*Activity*. Retype exactly the lines from the one containing "五、医院的乘车路线与预约方式" through the last line of the records below, including both, and leave out any pictures.

(Short text fragments from websites)
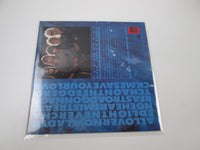 Load image into Gallery viewer, Great White Once Bitten ST-12565 LP Vinyl
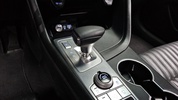 Фото 8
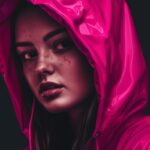 ivankv_Instagram_junkie_woman_minimalist_hot_magenta_hot_pink_8_5cdf9088-6fe3-4ab7-a9c7-196b0a4675aa 1 2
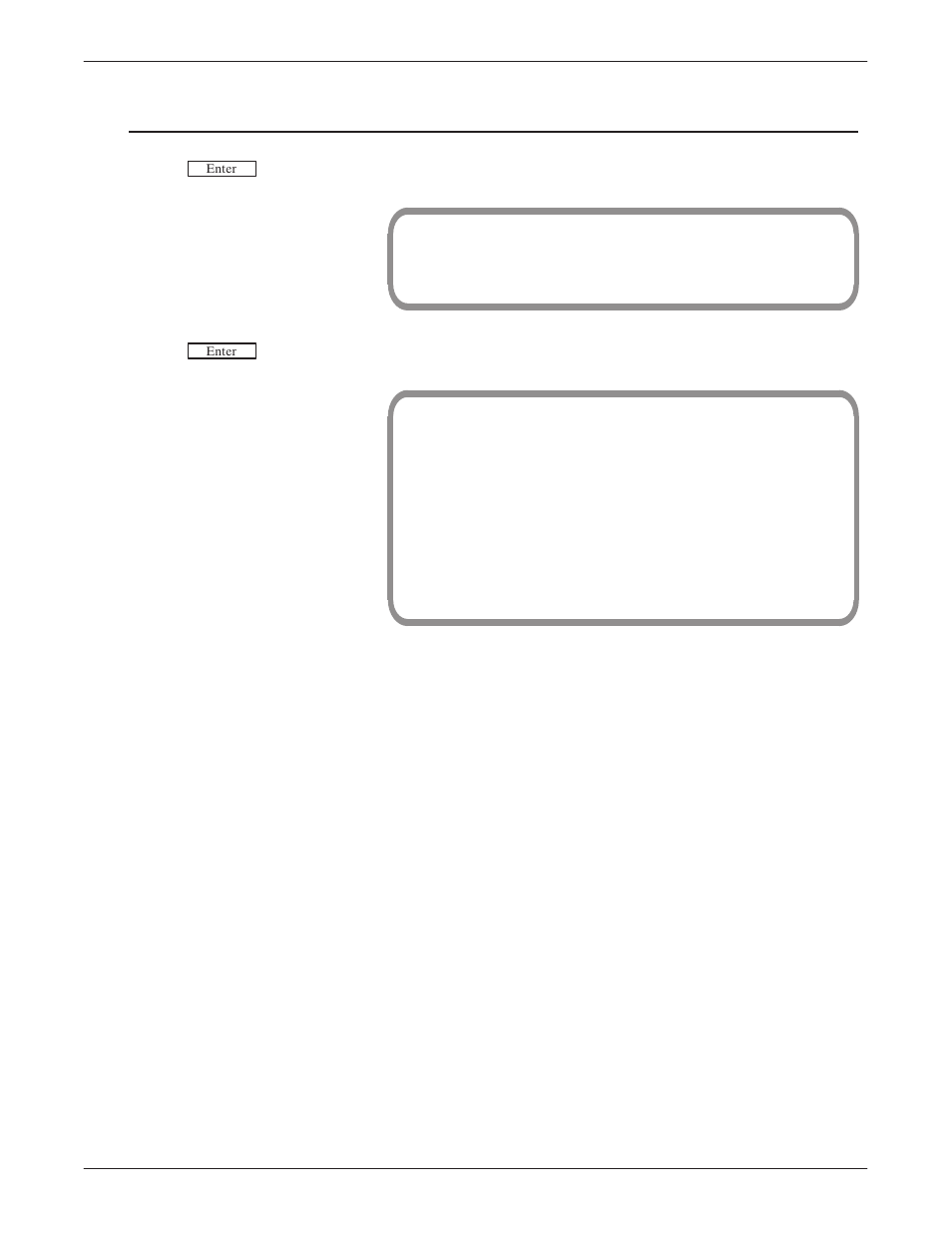 Reliant Octel 200 and Octel 300 Message Servers PB6001401 User Manual | Page 602 / 668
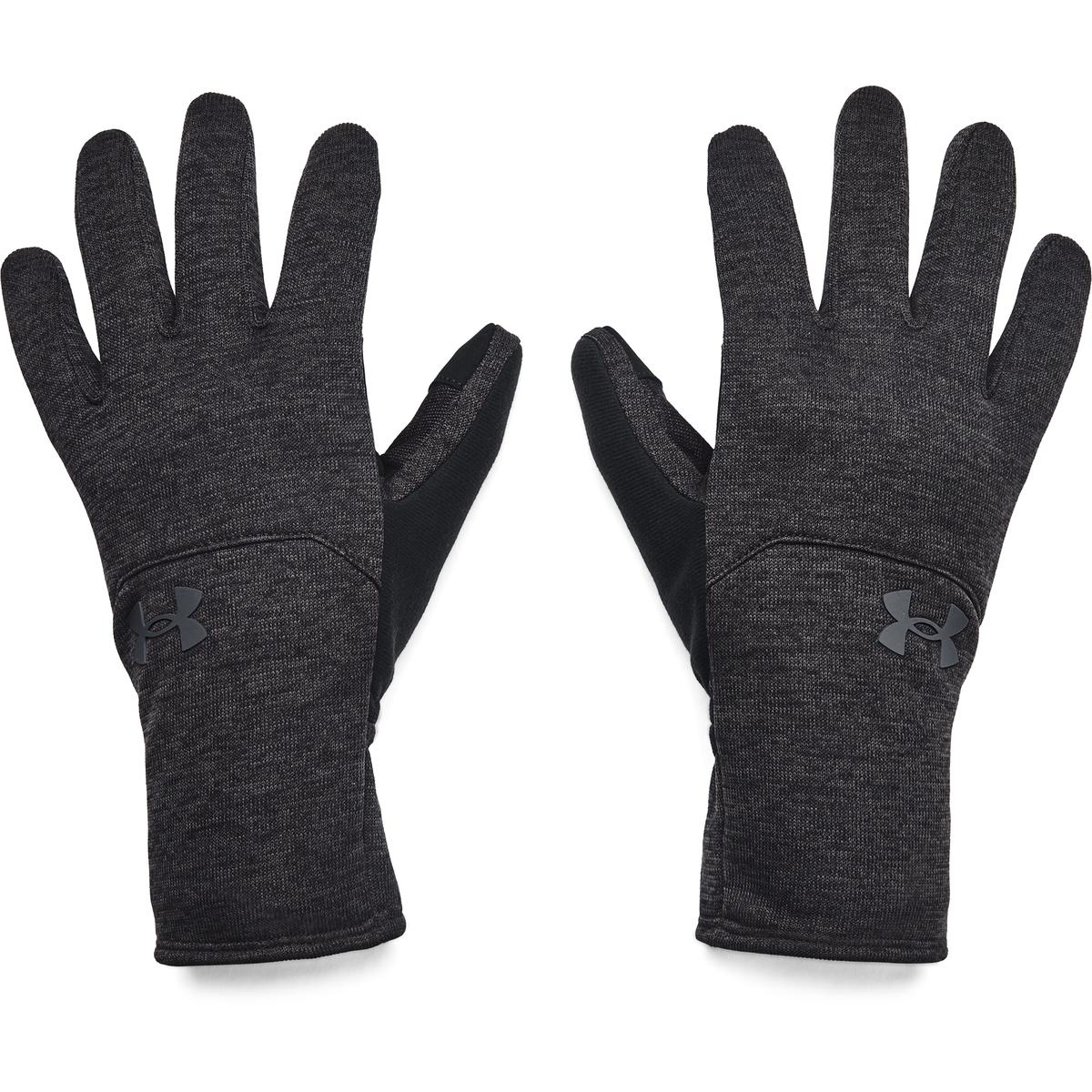 product/1/3/1365958-001-0.jpg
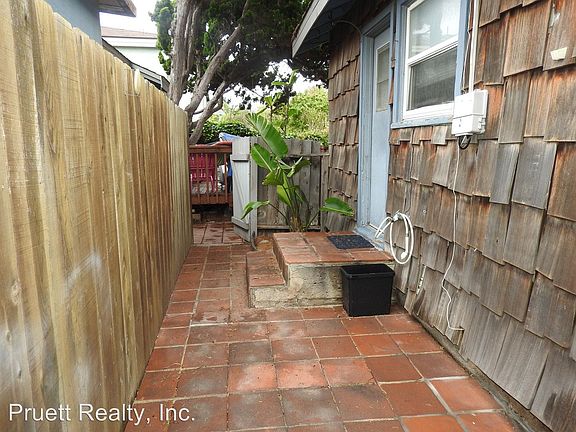 5th image of 5121 Cape May Ave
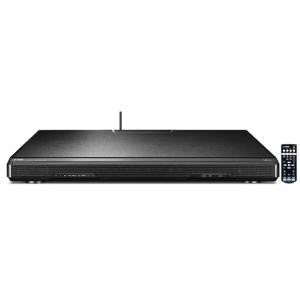 YAMAHA ヤマハ TVサラウンドシステム SRT-1500（B）ブラック 送料無料（沖縄県を除く）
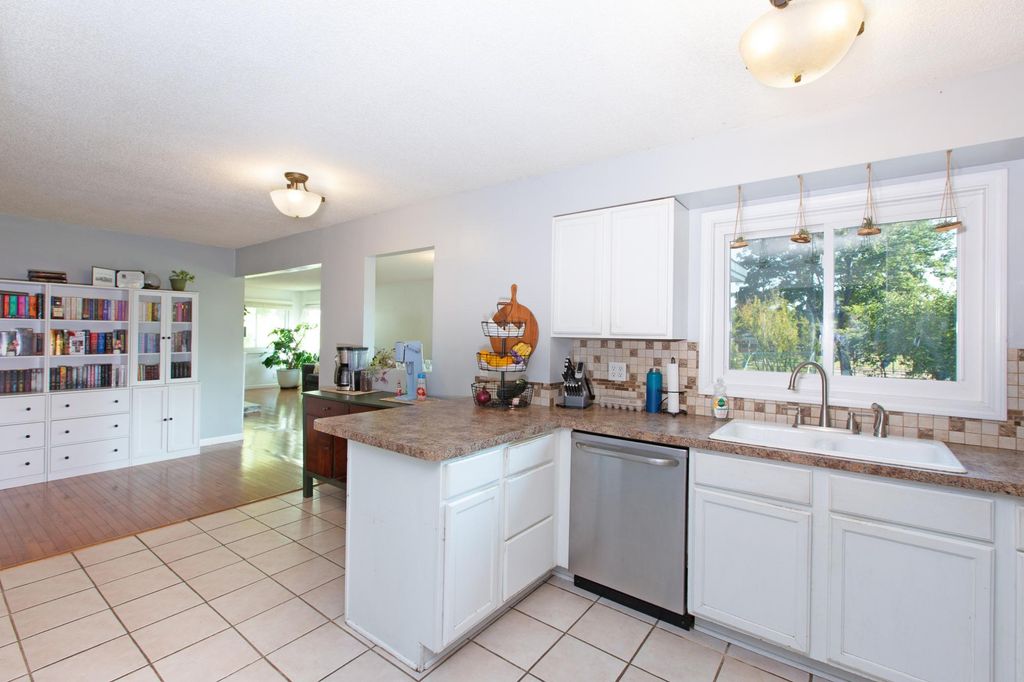 6560 169th Street W, Farmington, MN 55024 — photo 5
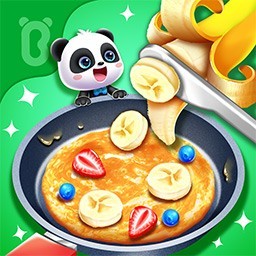 ����ɭ����ʳ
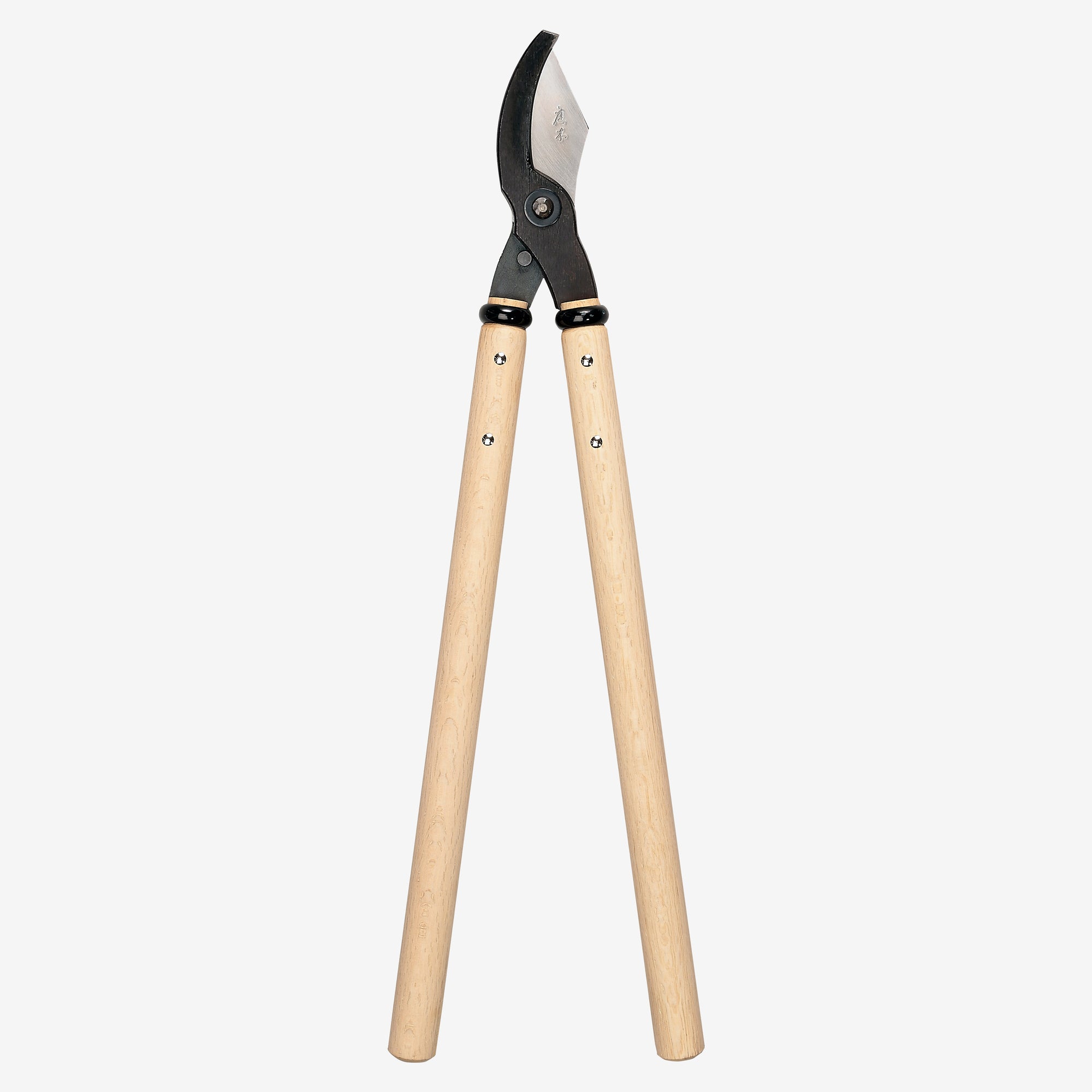 Niwaki Loppers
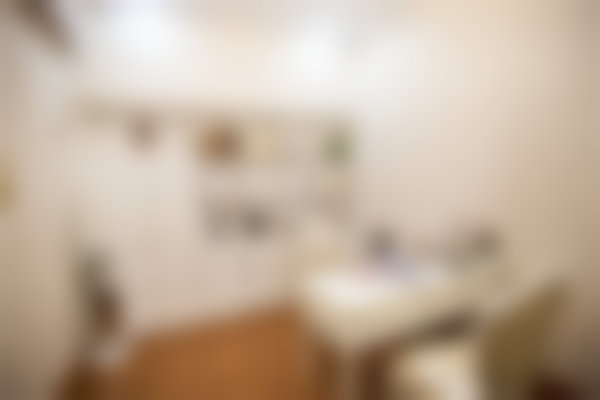 五、医院的乘车路线与预约方式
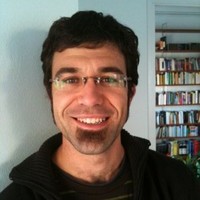 Bernat Pujadas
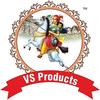 VS Products Davana Powder,400g, Marikozhundhu, Sweet Sagewort, Davanam, Artemisia Pallens, Davanamu Powder,(Pack of 4 X 100gm) view 3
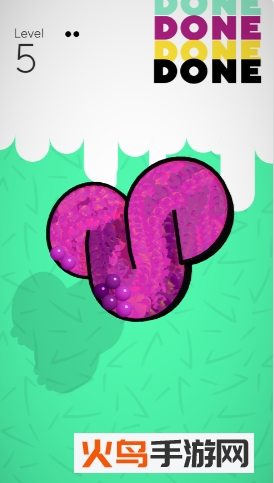 给你点儿颜色看看最新版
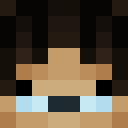 Skin head 67b17ac59efff6981962e02cca17bf4f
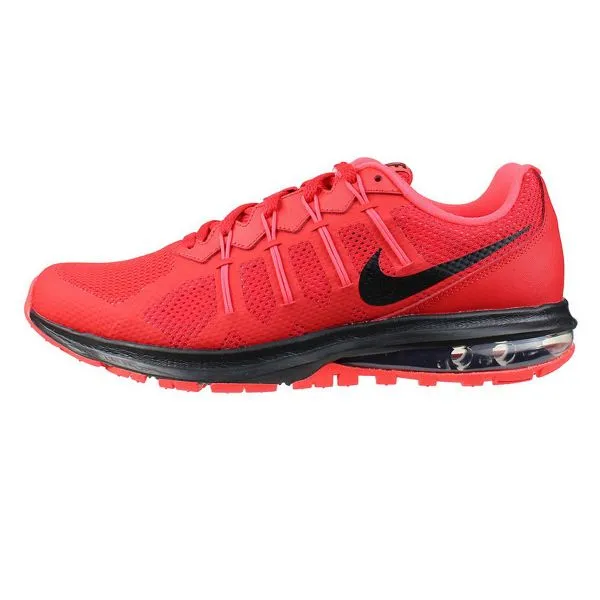 Nike NIKE AIR MAX DYNASTY 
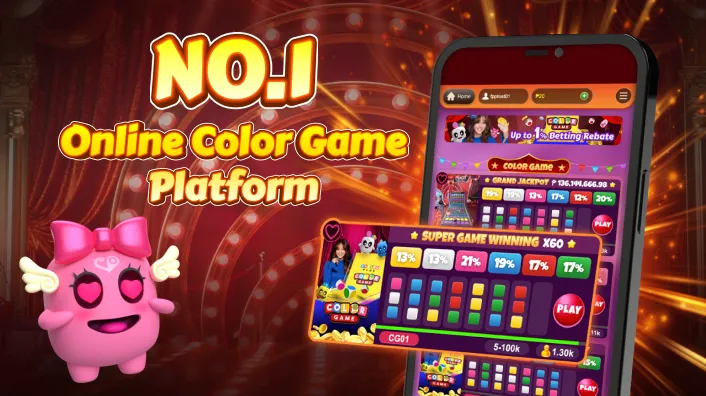 bingoplus daily cashback promotion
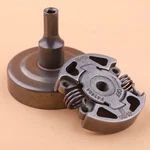 Clutch Drum Assy For Stihl FS56RC FC56C FS70R FS38 FS40 KM56RC FS46 FS45. Fixed Price $20.99.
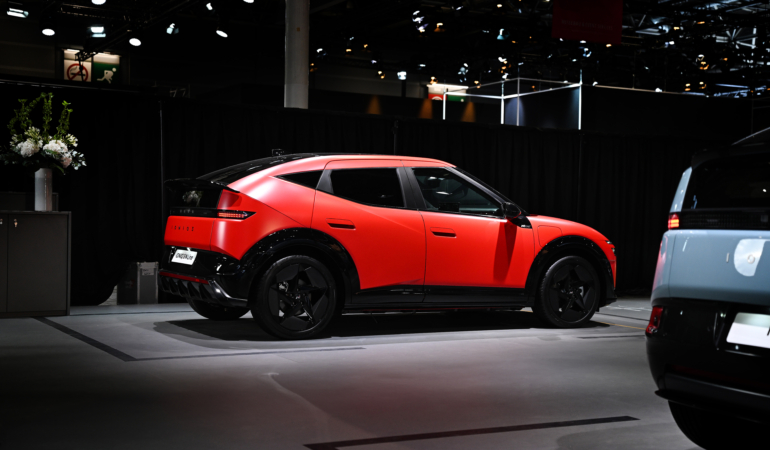 1791812844_Hyundai_Paris_Motor_Show_2026_007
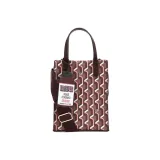 Розово-красный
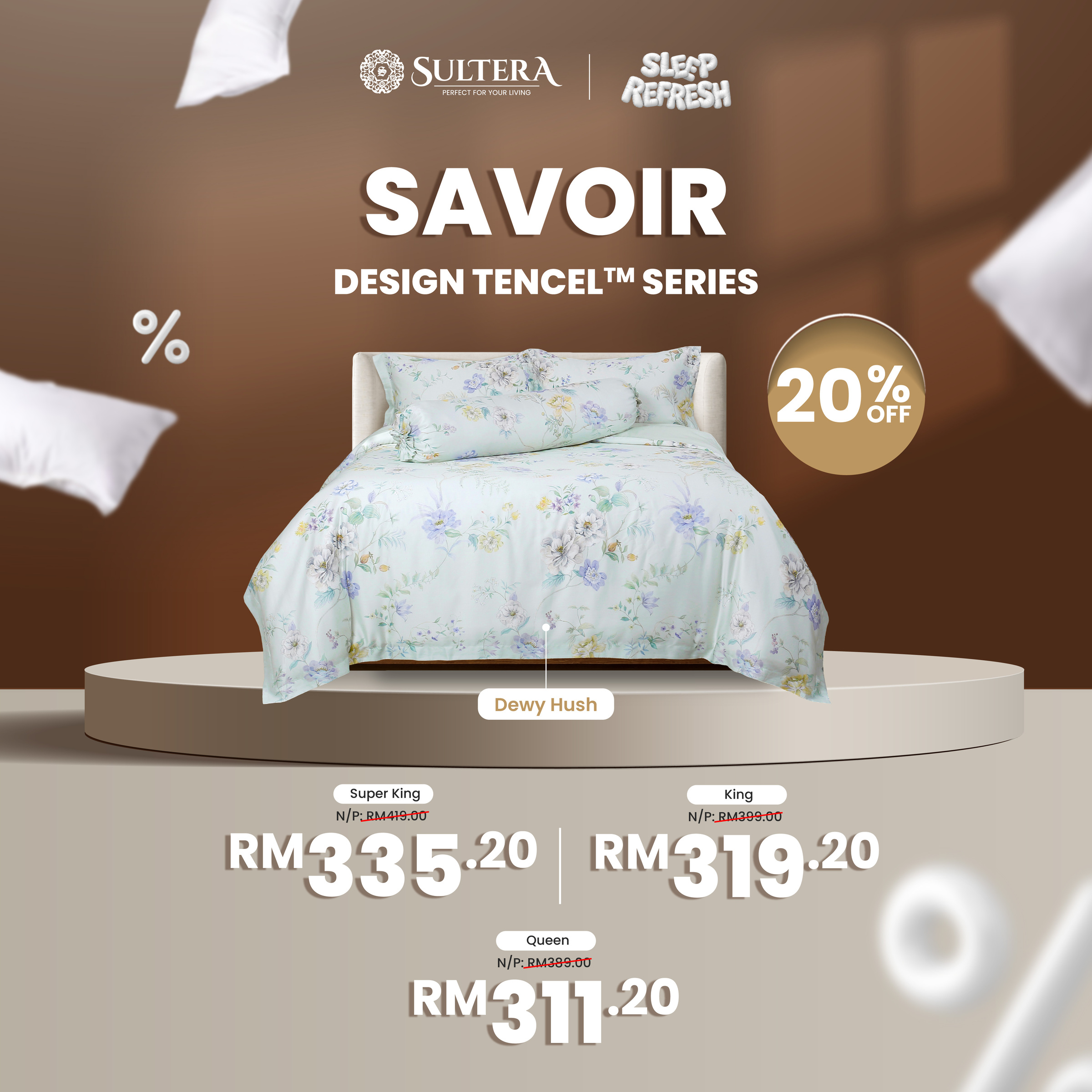 Price Poster-21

*Response area*.
 五、医院的乘车路线与预约方式
 Bernat Pujadas
 VS Products Davana Powder,400g, Marikozhundhu, Sweet Sagewort, Davanam, Artemisia Pallens, Davanamu Powder,(Pack of 4 X 100gm) view 3
 给你点儿颜色看看最新版
 Skin head 67b17ac59efff6981962e02cca17bf4f
 Nike NIKE AIR MAX DYNASTY 
 bingoplus daily cashback promotion
 Clutch Drum Assy For Stihl FS56RC FC56C FS70R FS38 FS40 KM56RC FS46 FS45. Fixed Price $20.99.
 1791812844_Hyundai_Paris_Motor_Show_2026_007
 Розово-красный
 Price Poster-21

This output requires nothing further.